Jin JS, Kwon SO, Moon DC, Gurung M, Lee JH, Kim SI, Lee JC - PLoS ONE (2011)

Bottom Line: Potential virulence factors, including AbOmpA and tissue-degrading enzymes, were associated with A. baumannii OMVs.The OMVs from A. baumannii ATCC 19606(T) induced apoptosis of host cells, whereas this effect was not detected in the OMVs from the ΔompA mutant, thereby reflecting AbOmpA-dependent host cell death.In conclusion, the OMV-mediated delivery of virulence factors to host cells may well contribute to pathogenesis during A. baumannii infection.
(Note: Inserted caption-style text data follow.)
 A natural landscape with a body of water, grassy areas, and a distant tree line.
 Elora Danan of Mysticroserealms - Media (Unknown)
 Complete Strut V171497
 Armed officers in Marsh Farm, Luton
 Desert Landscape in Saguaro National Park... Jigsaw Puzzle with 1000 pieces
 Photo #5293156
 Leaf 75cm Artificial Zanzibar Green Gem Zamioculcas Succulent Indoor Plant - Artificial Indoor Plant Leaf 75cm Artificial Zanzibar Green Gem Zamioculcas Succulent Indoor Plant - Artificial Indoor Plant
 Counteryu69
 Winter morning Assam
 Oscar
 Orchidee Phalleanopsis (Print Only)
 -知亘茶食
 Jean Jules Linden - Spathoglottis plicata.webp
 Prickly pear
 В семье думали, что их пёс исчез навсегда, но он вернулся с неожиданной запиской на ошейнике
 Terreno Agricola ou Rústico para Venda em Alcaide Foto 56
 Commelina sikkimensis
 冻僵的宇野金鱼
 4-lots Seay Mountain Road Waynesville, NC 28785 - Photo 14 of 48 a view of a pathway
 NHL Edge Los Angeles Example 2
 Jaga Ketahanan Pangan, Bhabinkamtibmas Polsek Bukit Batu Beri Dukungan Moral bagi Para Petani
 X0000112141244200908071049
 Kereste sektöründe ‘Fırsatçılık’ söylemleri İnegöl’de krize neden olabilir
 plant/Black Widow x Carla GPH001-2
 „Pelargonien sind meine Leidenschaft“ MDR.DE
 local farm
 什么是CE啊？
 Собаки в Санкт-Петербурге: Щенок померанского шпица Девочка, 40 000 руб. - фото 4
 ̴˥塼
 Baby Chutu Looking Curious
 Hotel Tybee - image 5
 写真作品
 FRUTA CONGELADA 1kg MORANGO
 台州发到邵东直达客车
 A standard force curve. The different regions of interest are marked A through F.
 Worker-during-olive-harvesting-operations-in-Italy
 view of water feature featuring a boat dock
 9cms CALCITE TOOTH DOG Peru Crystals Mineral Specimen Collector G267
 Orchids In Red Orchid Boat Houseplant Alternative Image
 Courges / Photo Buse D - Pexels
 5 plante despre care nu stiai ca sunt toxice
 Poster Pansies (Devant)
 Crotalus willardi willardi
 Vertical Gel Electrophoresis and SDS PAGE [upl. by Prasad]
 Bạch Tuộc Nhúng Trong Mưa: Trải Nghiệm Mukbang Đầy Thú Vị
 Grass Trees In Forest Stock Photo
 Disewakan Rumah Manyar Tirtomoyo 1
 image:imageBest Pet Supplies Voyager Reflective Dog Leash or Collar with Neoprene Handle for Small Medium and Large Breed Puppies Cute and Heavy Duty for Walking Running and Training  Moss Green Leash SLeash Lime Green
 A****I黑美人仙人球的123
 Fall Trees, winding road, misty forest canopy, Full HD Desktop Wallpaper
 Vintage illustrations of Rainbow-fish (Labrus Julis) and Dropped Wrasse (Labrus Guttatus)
View Article: PubMed Central - PubMed

Affiliation: Department of Microbiology, Kyungpook National University School of Medicine, Daegu, Korea.

ABSTRACT
Acinetobacter baumannii is an important nosocomial pathogen that causes a high morbidity and mortality rate in infected patients, but pathogenic mechanisms of this microorganism regarding the secretion and delivery of virulence factors to host cells have not been characterized. Gram-negative bacteria naturally secrete outer membrane vesicles (OMVs) that play a role in the delivery of virulence factors to host cells. A. baumannii has been shown to secrete OMVs when cultured in vitro, but the role of OMVs in A. baumannii pathogenesis is not well elucidated. In the present study, we evaluated the secretion and delivery of virulence factors of A. baumannii to host cells via the OMVs and assessed the cytotoxic activity of outer membrane protein A (AbOmpA) packaged in the OMVs. A. baumannii ATCC 19606(T) secreted OMVs during in vivo infection as well as in vitro cultures. Potential virulence factors, including AbOmpA and tissue-degrading enzymes, were associated with A. baumannii OMVs. A. baumannii OMVs interacted with lipid rafts in the plasma membranes and then delivered virulence factors to host cells. The OMVs from A. baumannii ATCC 19606(T) induced apoptosis of host cells, whereas this effect was not detected in the OMVs from the ΔompA mutant, thereby reflecting AbOmpA-dependent host cell death. The N-terminal region of AbOmpA(22-170) was responsible for host cell death. In conclusion, the OMV-mediated delivery of virulence factors to host cells may well contribute to pathogenesis during A. baumannii infection.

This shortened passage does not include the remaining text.